4/10
Fincher goes backwards
8 February 2009
A quirk of film spectatorship is how, ever so often, and despite being several stages removed from the alchemic processes of collaboration that power creativity, you just sense that a film isn't going to work. In the case of Benjamin Button, the news that Eric Roth, who penned the interminably folksy Forrest Gump, had written a screenplay which David Fincher would direct, raised an eyebrow in the Frames household. The portents were as black as Carol Thatcher's nightmares. Like Gump, Button would chart the lifetime of a boorish miscreant, or cipher, whose job it was to guide us through several decades of American History. Robert Zemeckis, a technocentric director whose movies had been enhanced by bravura visual effects, directed Gump and although being his blandest film, attained a clutch of Oscars for his trouble. Oscars that his funnier, edgier and more entertaining pictures had never stood a chance of winning.

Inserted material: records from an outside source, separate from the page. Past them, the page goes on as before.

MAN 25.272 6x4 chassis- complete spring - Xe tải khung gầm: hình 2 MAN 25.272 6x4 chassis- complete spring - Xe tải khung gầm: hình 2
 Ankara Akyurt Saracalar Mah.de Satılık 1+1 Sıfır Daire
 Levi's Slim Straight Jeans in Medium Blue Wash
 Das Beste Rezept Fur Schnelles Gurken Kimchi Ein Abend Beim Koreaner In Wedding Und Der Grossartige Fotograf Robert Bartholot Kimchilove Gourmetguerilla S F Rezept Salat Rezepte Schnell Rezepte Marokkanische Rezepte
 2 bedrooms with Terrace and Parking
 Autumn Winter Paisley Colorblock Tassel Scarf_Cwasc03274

David Fincher, like Zemeckis, is a director whose grip on the use of effects as a story enhancing tool rather than a sideshow, is so tight that his direction is almost an effect itself. He gave us Fight Club, one of the most astute and thematic rich satires ever made. Seven was a classic thriller. Zodiac a genre shredding police procedural where the devil really was in the detail. Three superb pictures and no industry recognition whatsoever. What to do? Well perhaps, reasoned Fincher, doing 'a Zemeckis', was the way forward. After all, good as he is, the man's got an ego right? This alone must explain why a filmmaker previously attracted to such engaging, edgy material, was motivated to direct Roth's fatuous slab of homespun whimsy - a light touch jaunt through the 20th century as seen through the eyes of a glaze eyed non-entity.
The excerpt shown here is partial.